Segment Start: RECORDS FOR THE EXERCISE

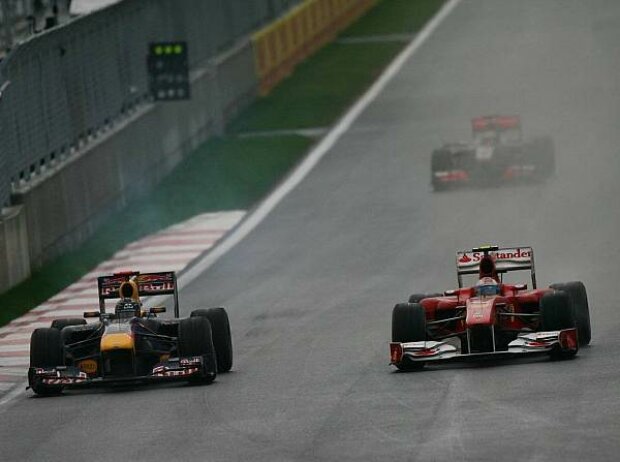 Fernando Alonso überholt Sebastian Vettel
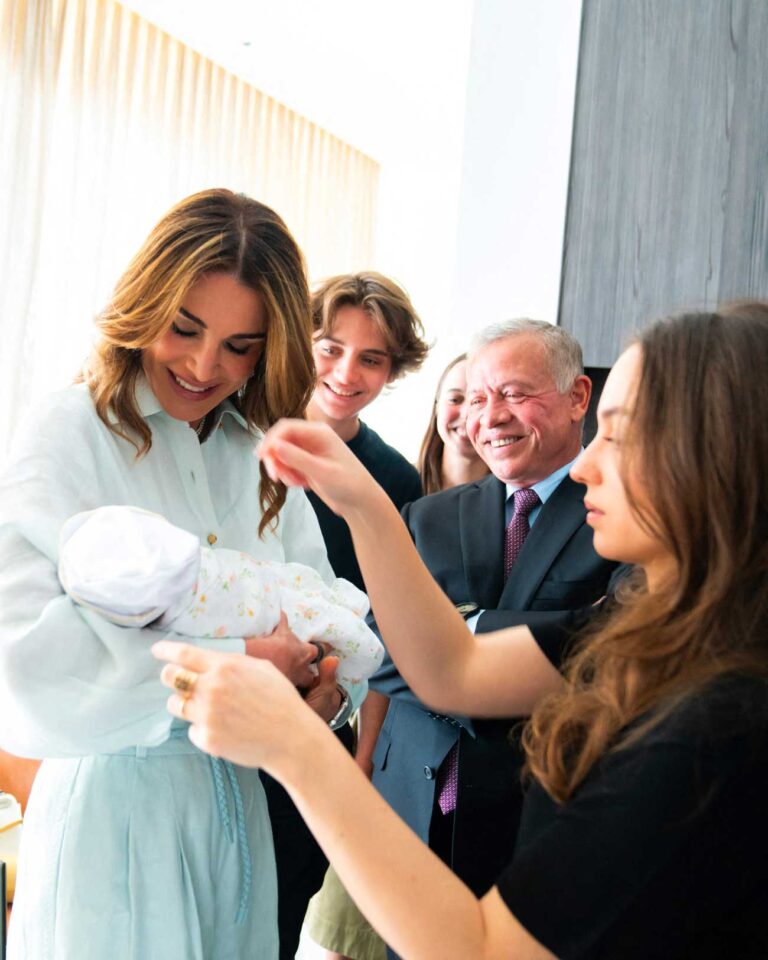 La reine Rania dévoile la deuxième grossesse de sa fille, la princesse Iman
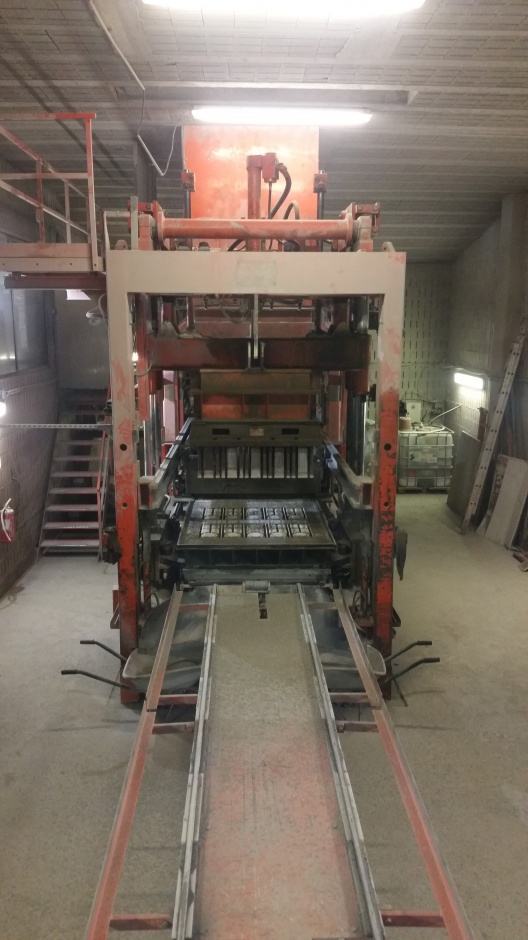 Presse double dl200 + palettisation 1056_1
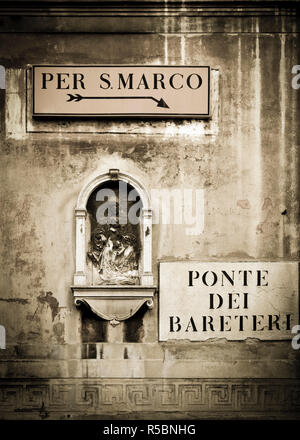 L'Italia, Veneto, Venezia, Ponte dei Bareteri, a San Marco (a San Marco) firmare Foto Stock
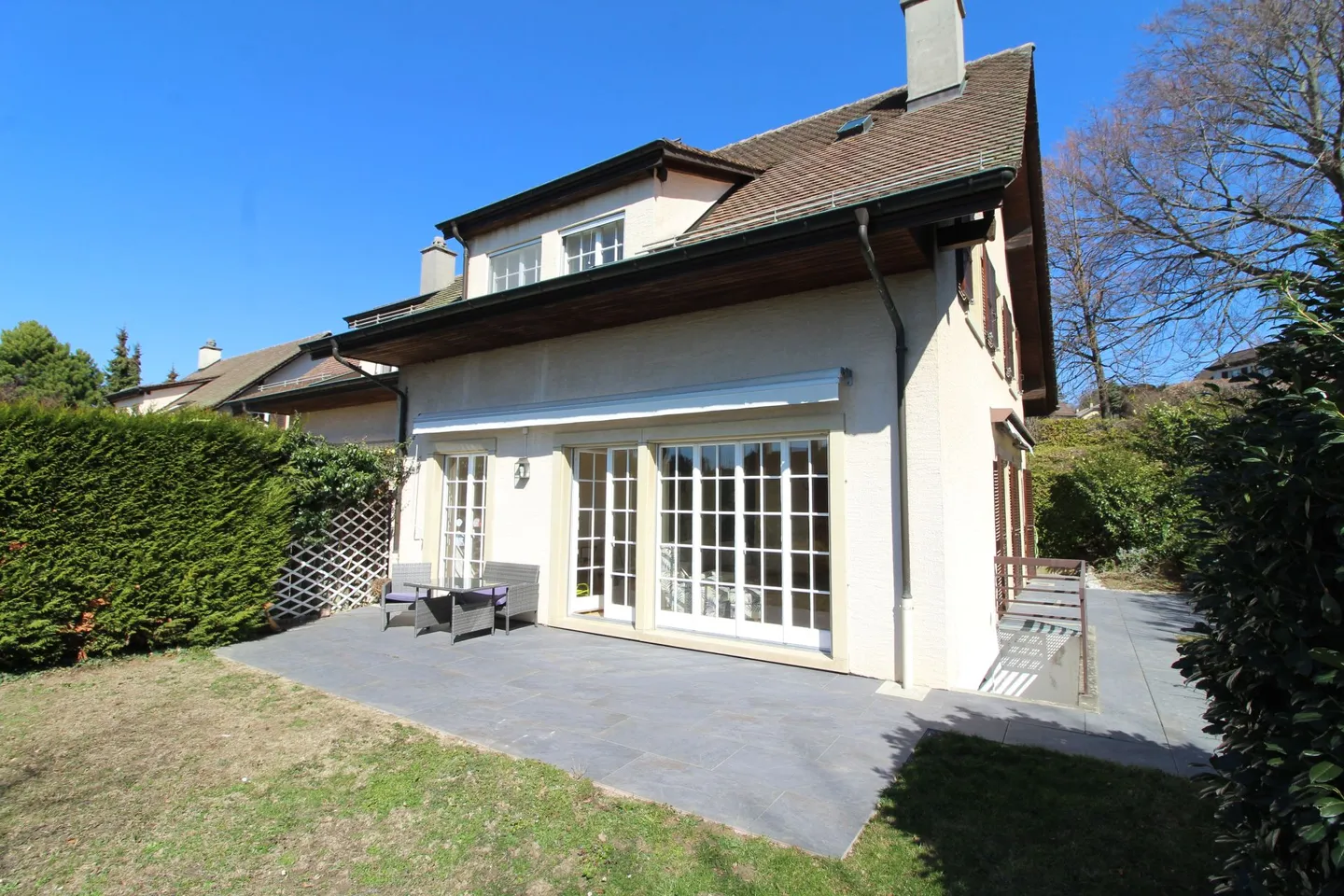 Charmantes Reihenhaus mit Garten - Foto 1 von 19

Segment End: RECORDS FOR THE EXERCISE

In the copy, omit the pictures and reproduce every entry exactly.

 Fernando Alonso überholt Sebastian Vettel
 La reine Rania dévoile la deuxième grossesse de sa fille, la princesse Iman
 Presse double dl200 + palettisation 1056_1
 L'Italia, Veneto, Venezia, Ponte dei Bareteri, a San Marco (a San Marco) firmare Foto Stock
 Charmantes Reihenhaus mit Garten - Foto 1 von 19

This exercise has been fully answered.